There is something missing from the Red Sox' home clubhouse this season that smacked visitors in the face upon entering last season.
No more Fortnite.
The popular video game became part of the conversation during last year's World Series run first because of David Price's carpal tunnel injury -- with some suggesting one was leading to the other -- and then the players' on-field celebrations mimicking dances done in the online game.
But to understand how popular a thing this in and among the clubhouse culture last season all anyone had to do was take a look around. In a bevy of lockers a video game monitor could be found, with players spending a good chunk of their time sitting in front of the setups with controllers and headsets at the ready.
Now, there isn't a hint of the game anywhere.
"I haven’t seen it this year," said Red Sox pitcher Nathan Eovaldi, who was recruited to return to the Red Sox through the game's messaging system during the offseason. "Usually everybody had it set up in their lockers. But I haven’t seen it."

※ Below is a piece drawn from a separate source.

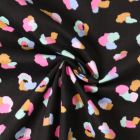 Tissu Jersey Bord Côte Mila motif léopard multicolore sur fond Noir profond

According to multiple players, it was decided by the team that the time used playing the game in the clubhouse had gotten to a point where it was becoming counterproductive to putting their best foot forward on the field. It wasn't a unique position considering the Blue Jays' ban of video games in the clubhouse and the story of Carlos Santana smashing a flat-screen TV in the Phillies clubhouse last September because of his disdain for the level of online gaming during work hours.
"I think there is a time and place for that, too," Eovaldi noted. "Maybe if we were doing a little better maybe we would be doing it, but you can’t be losing and playing Fortnite in the clubhouse.
"I think everybody, in general, understands that rule. When I came over here last year I was surprised because when I was with the Rays you didn’t do that. When I came over here we’re in first-place, everybody is having a good time and getting the job done. Now we have other things we have to focus on and tend to."
It's not as if the players have given up on the game completely, with games still prevalent outside the clubhouse. But now the pregame time that doesn't involve baseball activities includes cards and crossword puzzles. The Tampa Bay Rays could be found in their clubhouse at Fenway Park engaged in a spirited game of dominoes. Times and priorities are clearly changing.